Action item » Without the pictures, repeat the listing character for character.
══════════
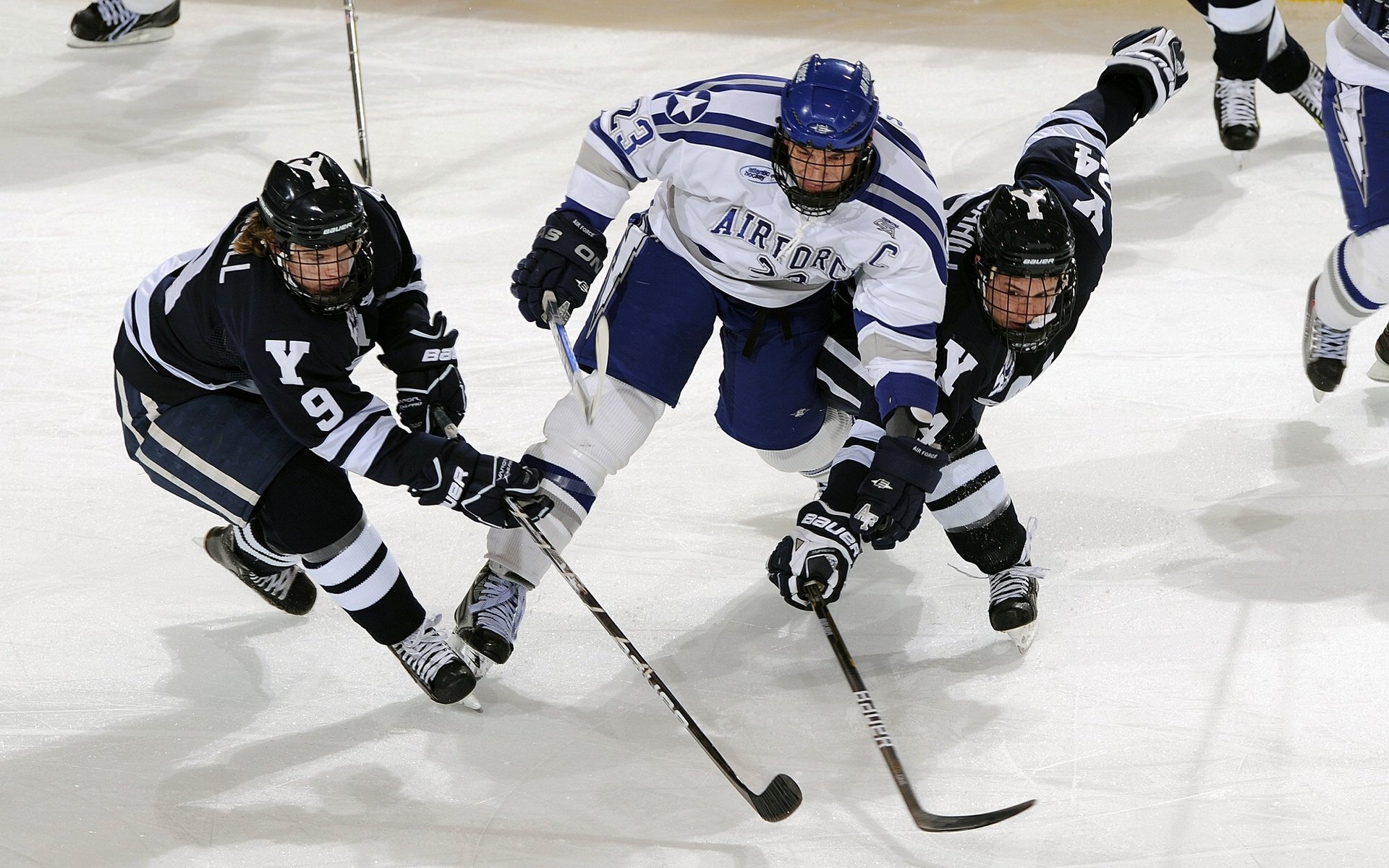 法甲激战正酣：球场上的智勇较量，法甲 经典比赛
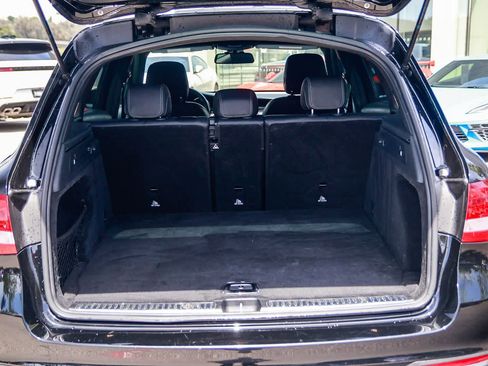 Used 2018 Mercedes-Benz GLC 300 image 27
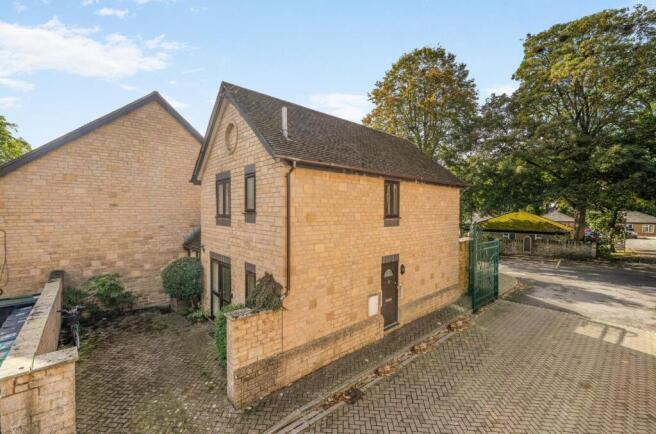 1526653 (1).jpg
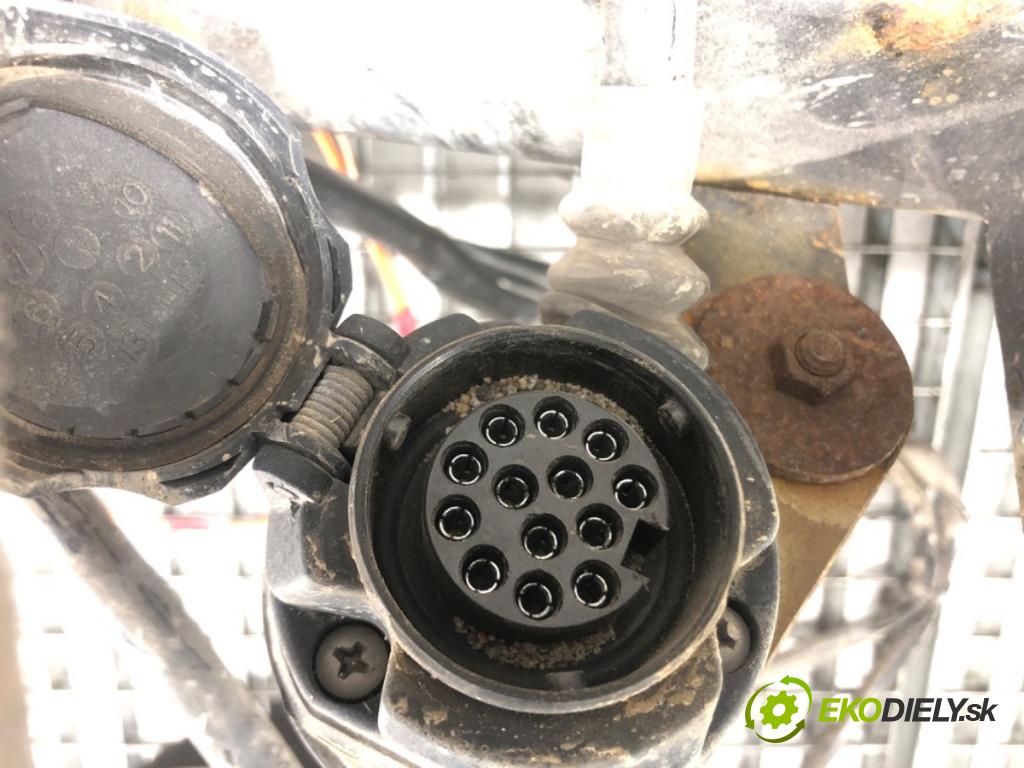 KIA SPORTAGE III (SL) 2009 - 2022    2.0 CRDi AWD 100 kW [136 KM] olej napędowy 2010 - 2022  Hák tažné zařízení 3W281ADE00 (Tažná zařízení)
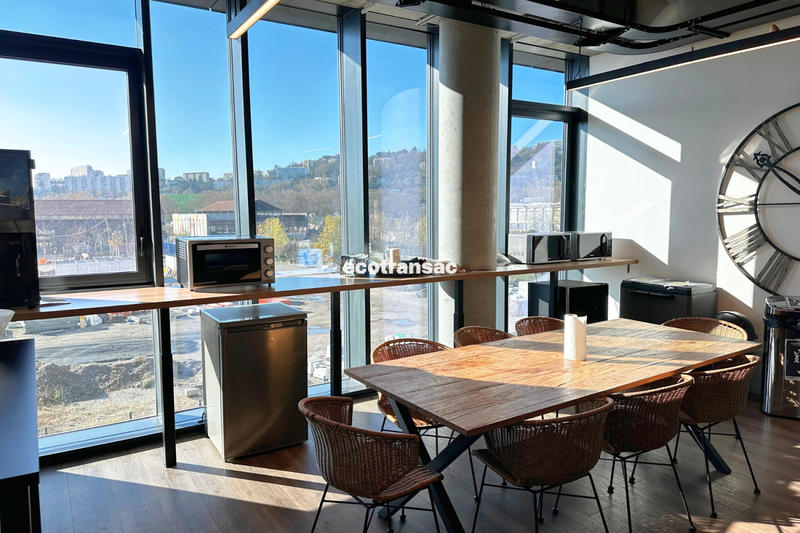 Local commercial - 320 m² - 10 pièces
══════════
Answer to this problem »
 法甲激战正酣：球场上的智勇较量，法甲 经典比赛
 Used 2018 Mercedes-Benz GLC 300 image 27
 1526653 (1).jpg
 KIA SPORTAGE III (SL) 2009 - 2022    2.0 CRDi AWD 100 kW [136 KM] olej napędowy 2010 - 2022  Hák tažné zařízení 3W281ADE00 (Tažná zařízení)
 Local commercial - 320 m² - 10 pièces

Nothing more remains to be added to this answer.